To be clear, I do not think BTSX is in danger of insolvency anytime soon [1]. Rather, I think the network is tying up more funds than it needs to, for longer periods than it needs to, with little transparency as to the amount or intended purpose of the funds which are tied up [2] [3].
Sending a bunch of BitUSD into an accounting rabbit hole for a year is not the best use of that BitUSD, compared to the alternatives: Paying to longs as yield, auctioning off as interest in a BitBond market to tie up a much larger sum of investor BitUSD, or buying up and burning BTSX.
I believe there are two justifications for letting this situation happen:
- It is desirable to hold some BitUSD in reserve for policy purposes, such as buffering yields to make them less "lumpy" in order to cater to BitAsset holders' preferences for stable, accurate yield projections (and defeat certain technical trading strategies), or an FDIC fund to get rid of underwater shorts.
- Implementation is done at the "micro-level" of individual long balances and short positions. Exact "macro-level" computations which maintain continuously updated sums of the micro-level activity of O(n) positions undergoing O(m) updates using O(m*log(n)) or less computational resources, is a hard technical engineering problem.
To these I would reply:
- Under the current implementation, policy funds may end up grossly under- or over-capitalized with respect to how much is needed to achieve their intended objectives. Regardless of whether we as policymakers decide a sufficient FDIC would be 1%, 5%, 10%, 20%, or 50% of existing BitUSD, it would be an incredible coincidence if the reserve developed by the yield implementation reached an equilibrium near the desired reserve level under most market conditions. (Unless the yield fund was specifically designed to do so, of course.)

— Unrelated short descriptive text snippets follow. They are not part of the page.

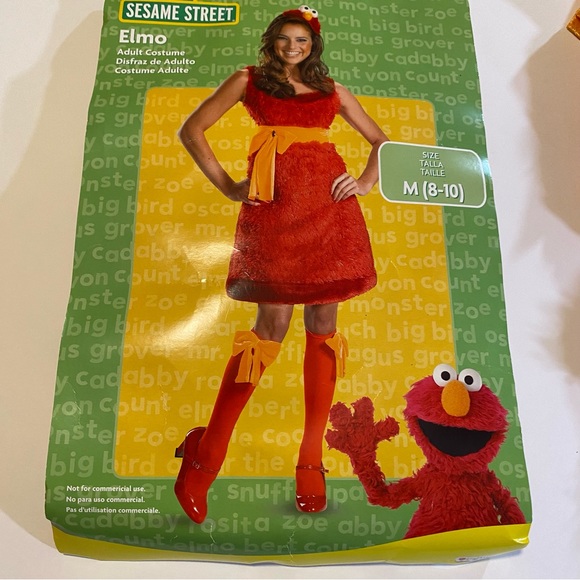 Sesame Street Elmo costume SZ M, Adult woman Elmo dress, headband and tights - Picture 1 of 14
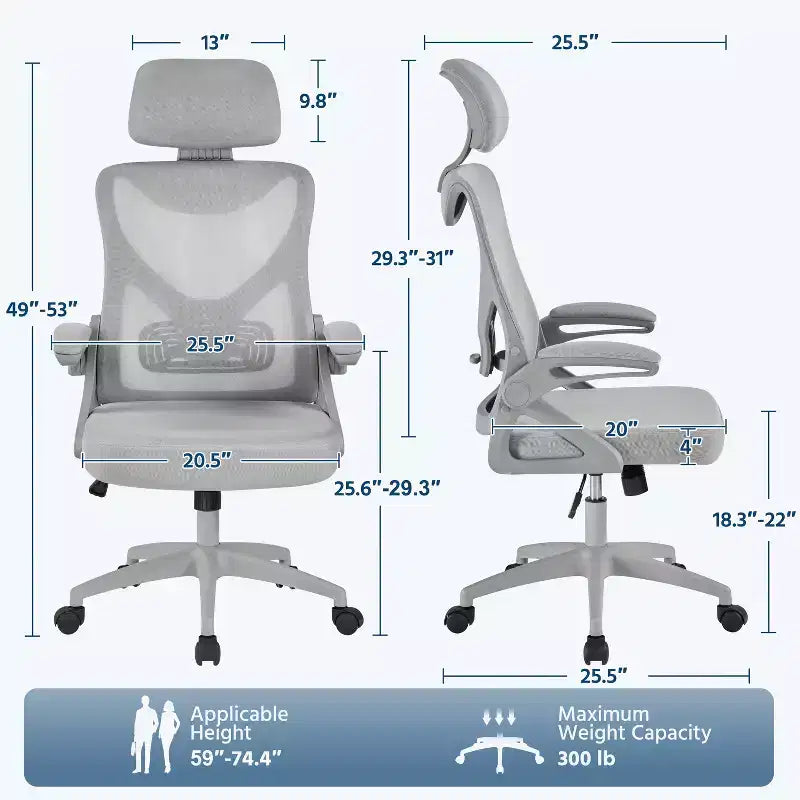 Chaise de bureau ergonomique en maille avec accoudoirs – Chaise d'ordinateur ergonomique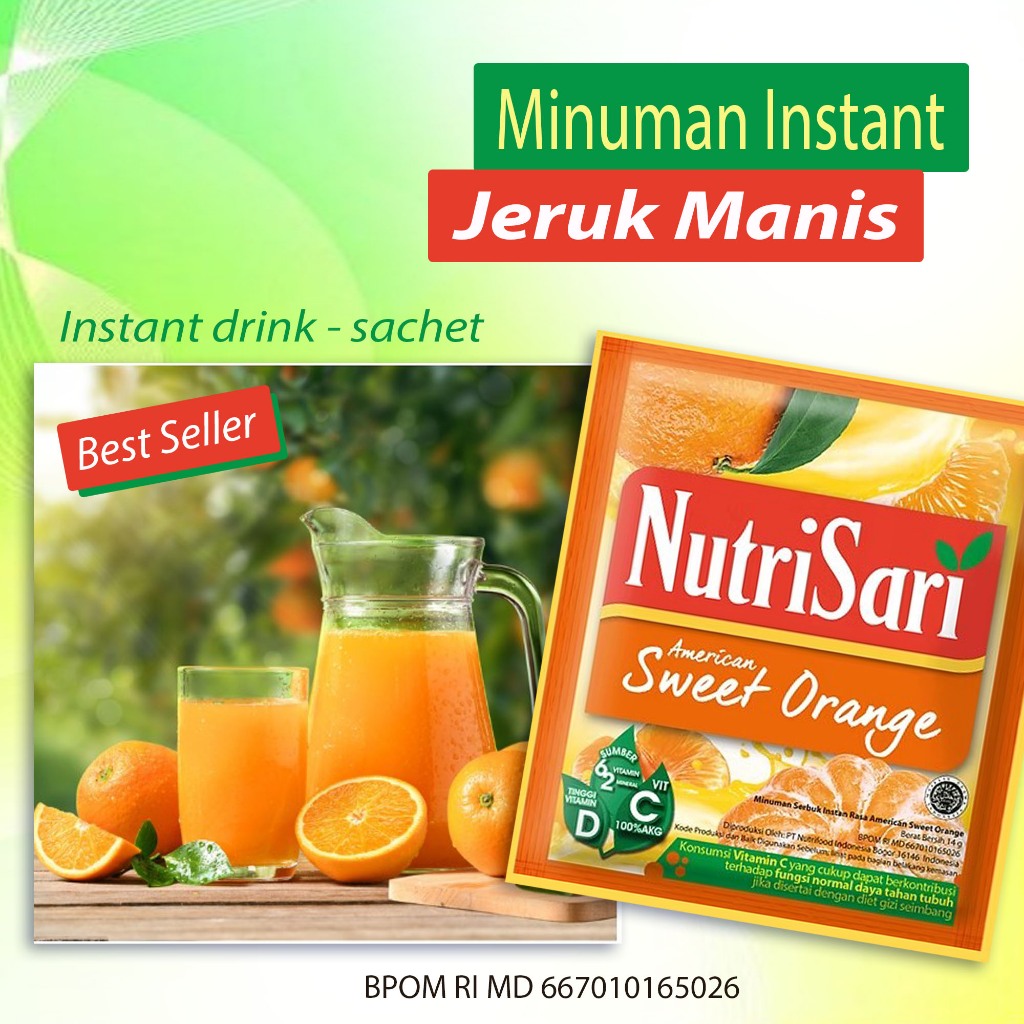 

Best Seller Minuman instant Rasa jeruk manis Minuman cepat saji tanpa ribet Minuman terkenal sejak dulu paling digemari banyak kalangan tua maupun muda mudi rasa Segarnya gak ketulungan bikin ketagihan ~ Nutrisari instant sachet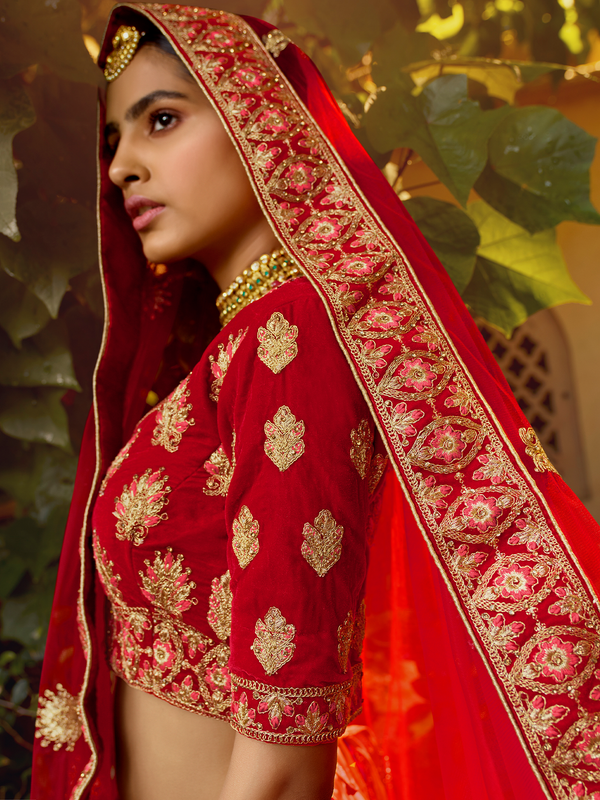 Red Embroidered Velvet Semi Stitched Lehenga With Unstitched Blouse Clothsvilla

- In various forum posts and whitepapers, I've published macro-level algorithms that solve the engineering problems of how to implement efficient macro-level computations.
[1] The much-discussed case of "black swan" price movements that put too many shorts too far "underwater" is always a possibility, but I won't discuss that further here.
[2] Specifically, there are gross approximations in the yield fund computations that result in an enormous percentage of the yield fund being untouchable -- BitUSD holders could not access most of the fund even if everyone claimed yield in the next block. Similar approximations are planned for the currently proposed implementation of shorts paying interest to longs.
[3] A while ago I posted somewhere on this forum some back-of-the-envelope calculations about what the amount of untouchable BitUSD may be for the yield fund. While the amount of untouchable BitUSD could, in principle, be determined from the blockchain, AFAIK nobody has actually done this calculation and published the result.